Without any pictures, the records below should be reproduced exactly.

===== GIVEN RECORDS =====

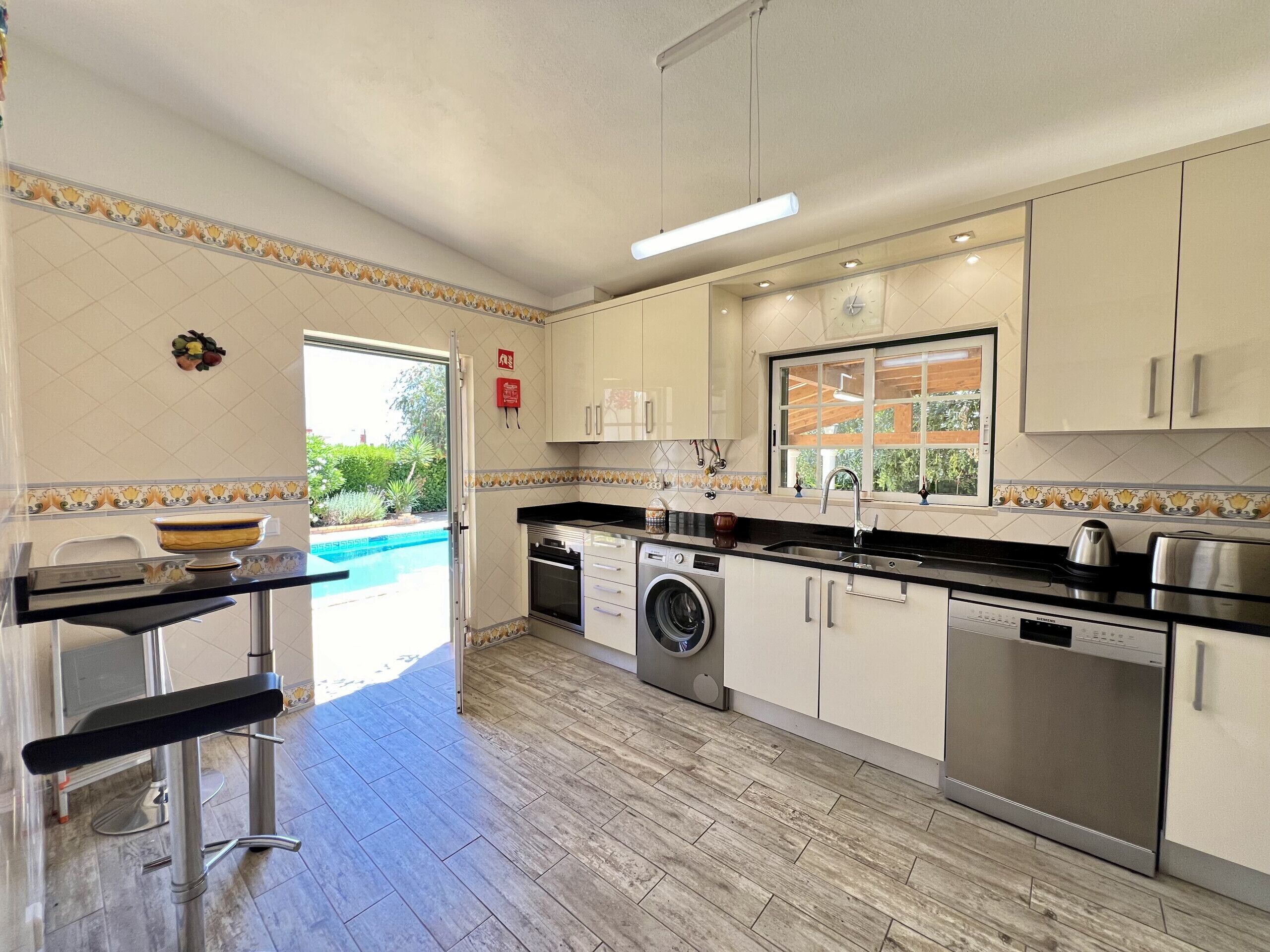 Kühlschrank, Mikrowelle, Ofen, Geschirrspüler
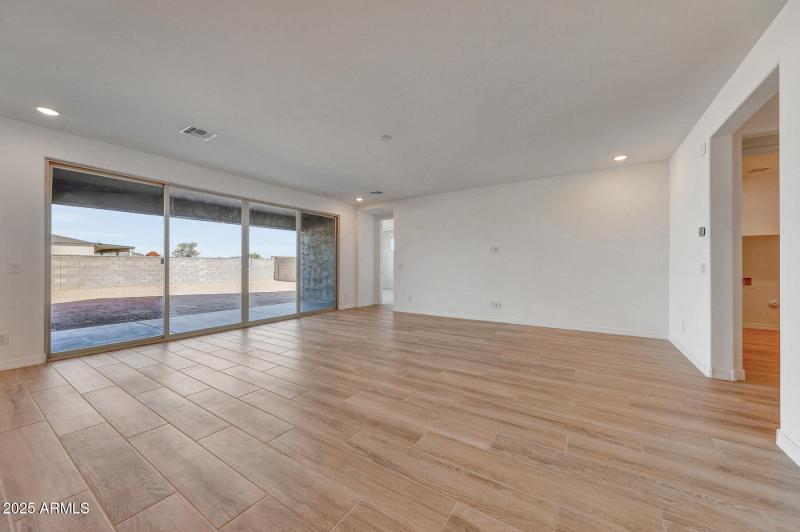 PHX_TierraVistoso_Lot 2074_Burgundy_2888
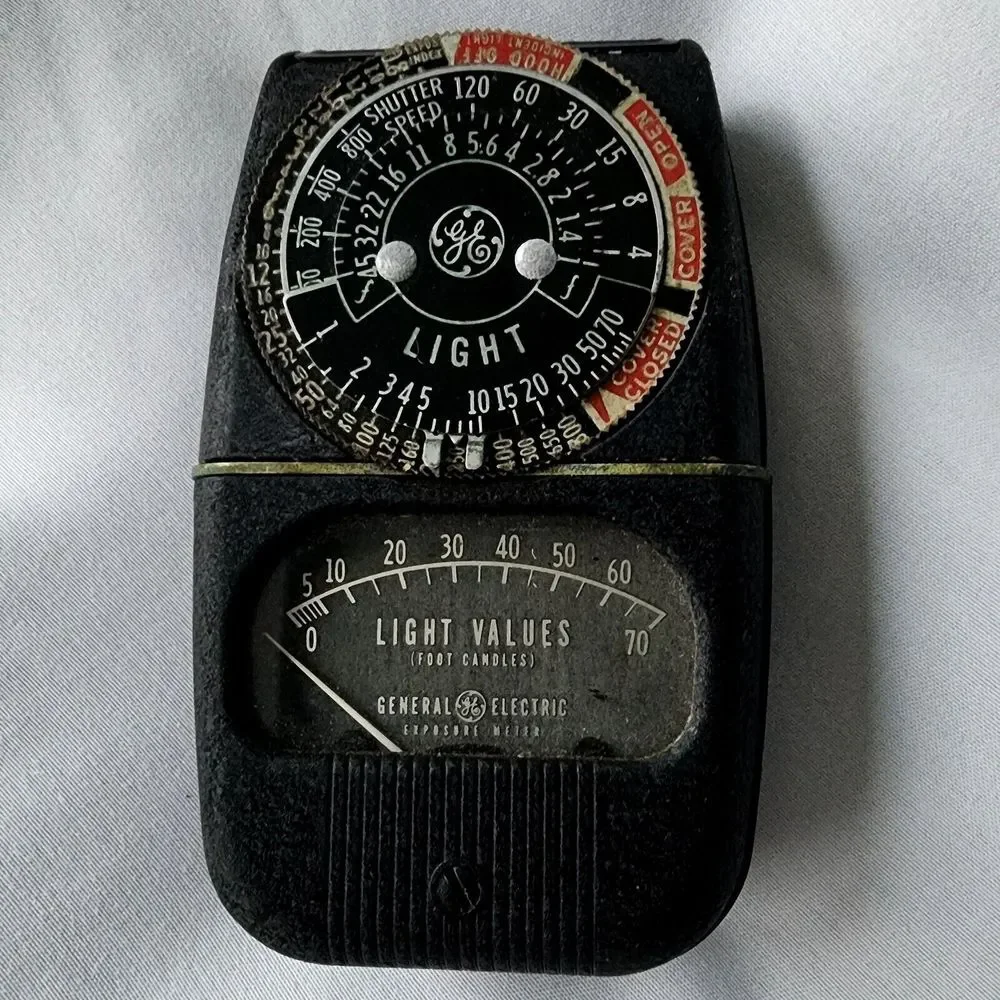 GE General Electric Vintage 1940s Photography Light Exposure Meter Model 8DW58Y4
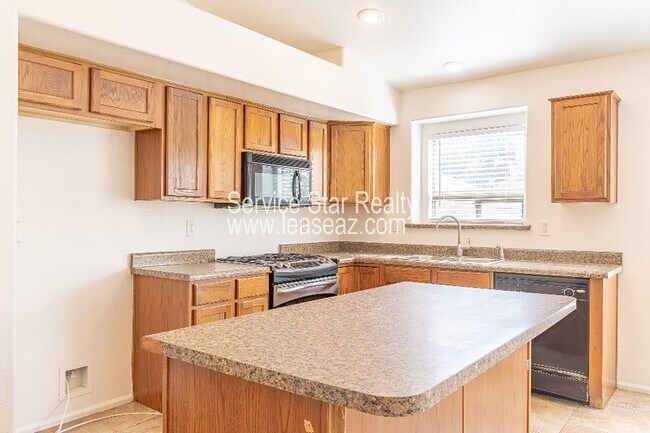 Building Photo - 8414 S 48th Ln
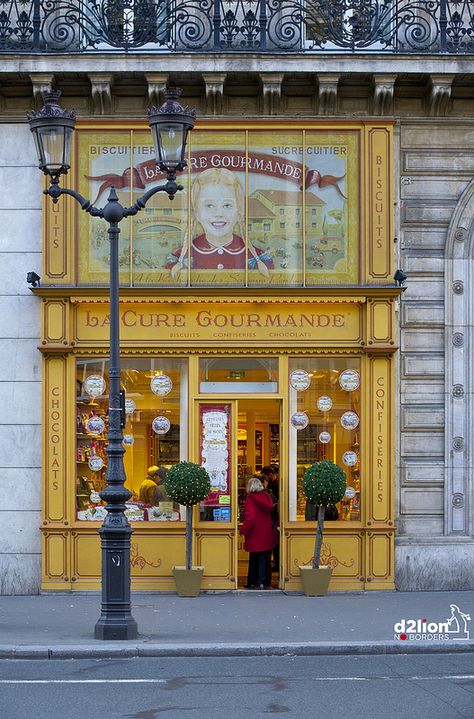 Candy And Chocolate, Shop Facade, Shop Fronts, Shop Front, Store Front, Shop Window, Stage Design, Street Light, France Travel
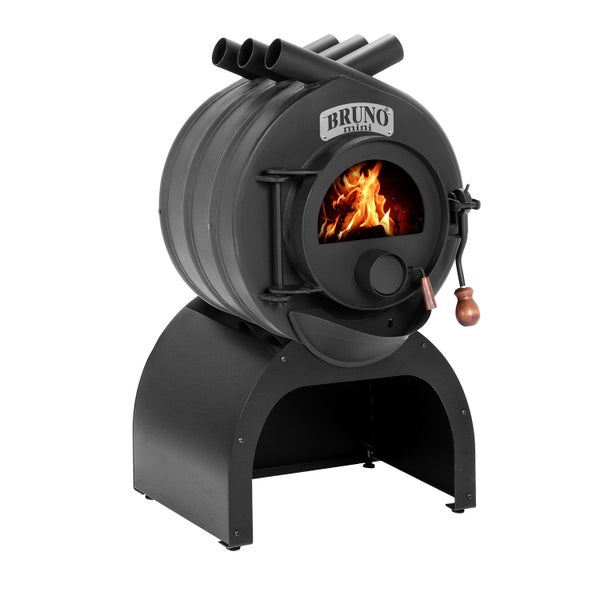 Holzofen mit drei Rohren und Feuer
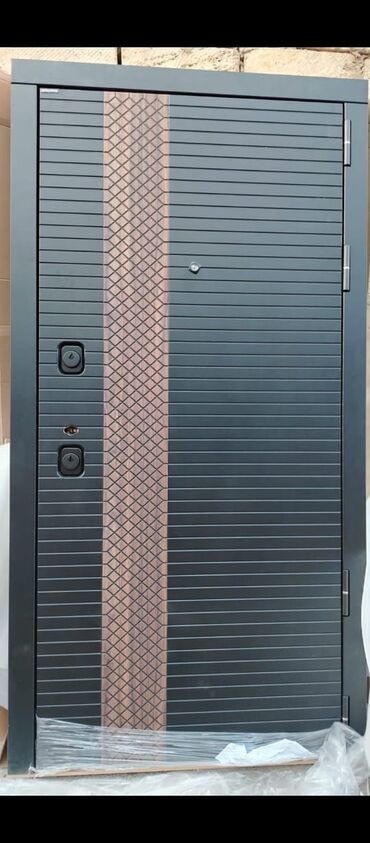 Giriş qapıları: Blok üçün Yeni Giriş qapısı 100x210 sm Çərçivə ilə, Zəmanətli, Ödənişli quraşdırma, Pulsuz çatdırılma — 15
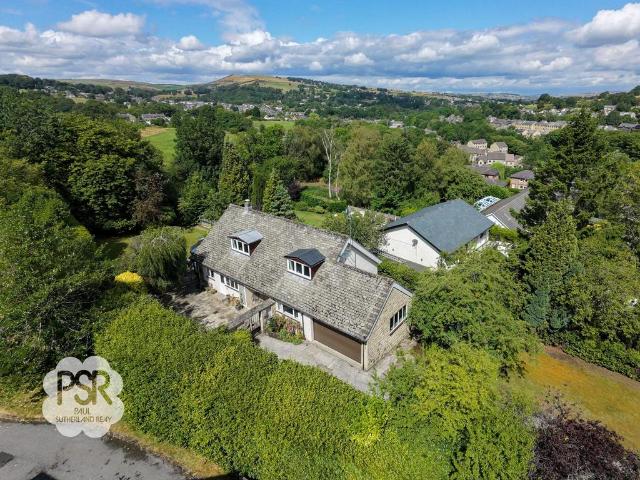 House for sale in Charlesworth, East Midlands
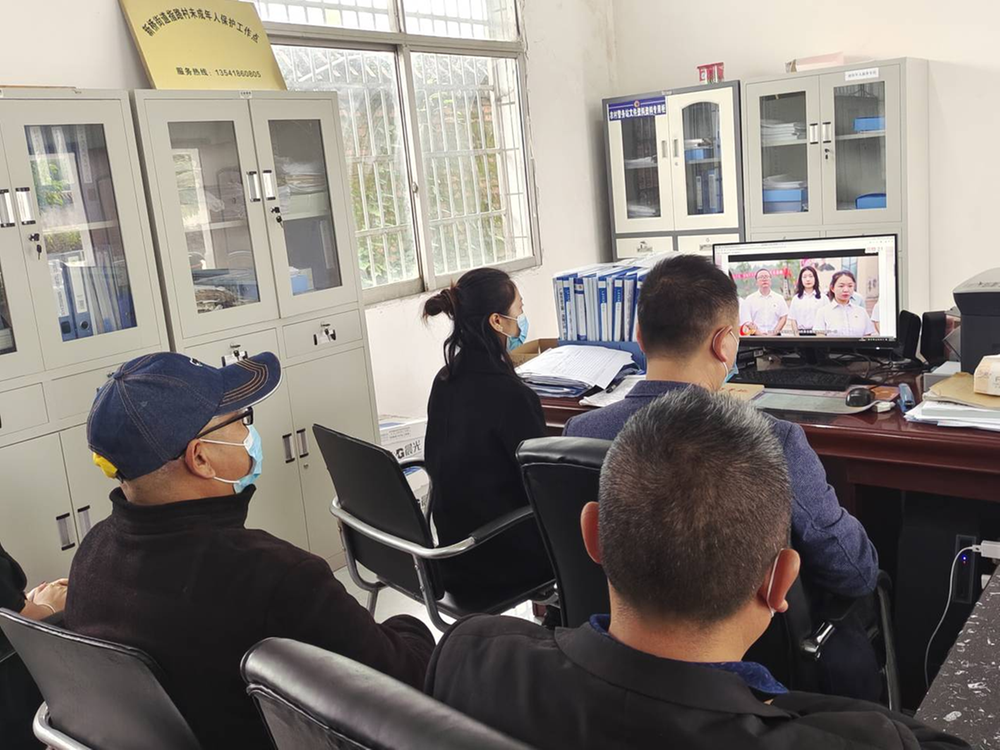 广安经开区新桥街道组织党员干部观看“党员开会了”主题党日示范活动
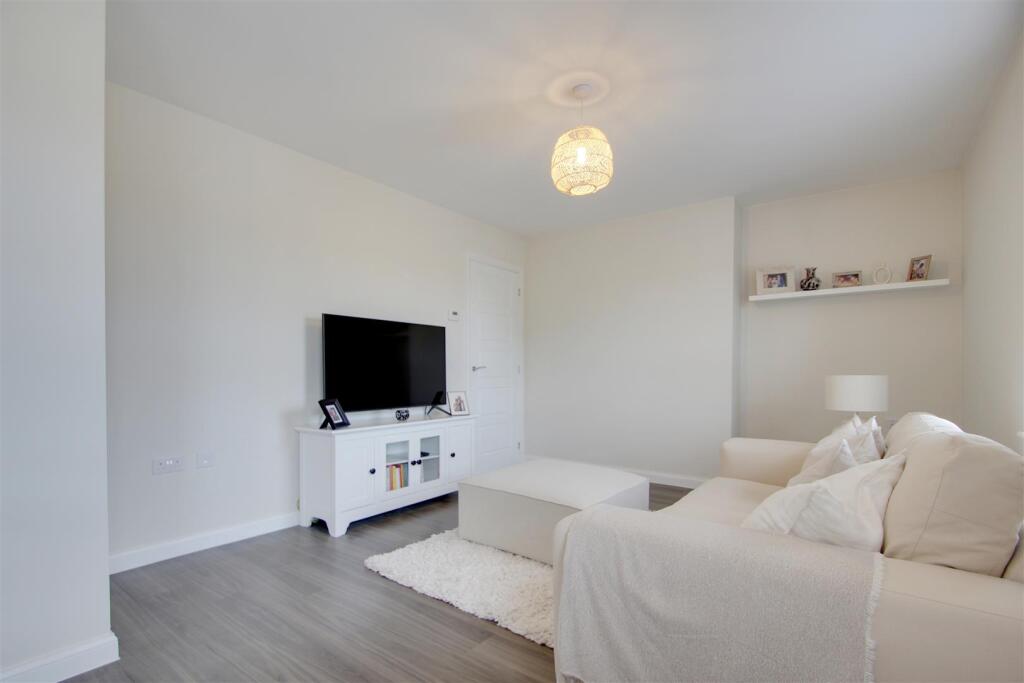 Quicksilver Street, Worthing - View 4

=====

### SOLUTION FOR THIS EXERCISE
 Kühlschrank, Mikrowelle, Ofen, Geschirrspüler
 PHX_TierraVistoso_Lot 2074_Burgundy_2888
 GE General Electric Vintage 1940s Photography Light Exposure Meter Model 8DW58Y4
 Building Photo - 8414 S 48th Ln
 Candy And Chocolate, Shop Facade, Shop Fronts, Shop Front, Store Front, Shop Window, Stage Design, Street Light, France Travel
 Holzofen mit drei Rohren und Feuer
 Giriş qapıları: Blok üçün Yeni Giriş qapısı 100x210 sm Çərçivə ilə, Zəmanətli, Ödənişli quraşdırma, Pulsuz çatdırılma — 15
 House for sale in Charlesworth, East Midlands
 广安经开区新桥街道组织党员干部观看“党员开会了”主题党日示范活动
 Quicksilver Street, Worthing - View 4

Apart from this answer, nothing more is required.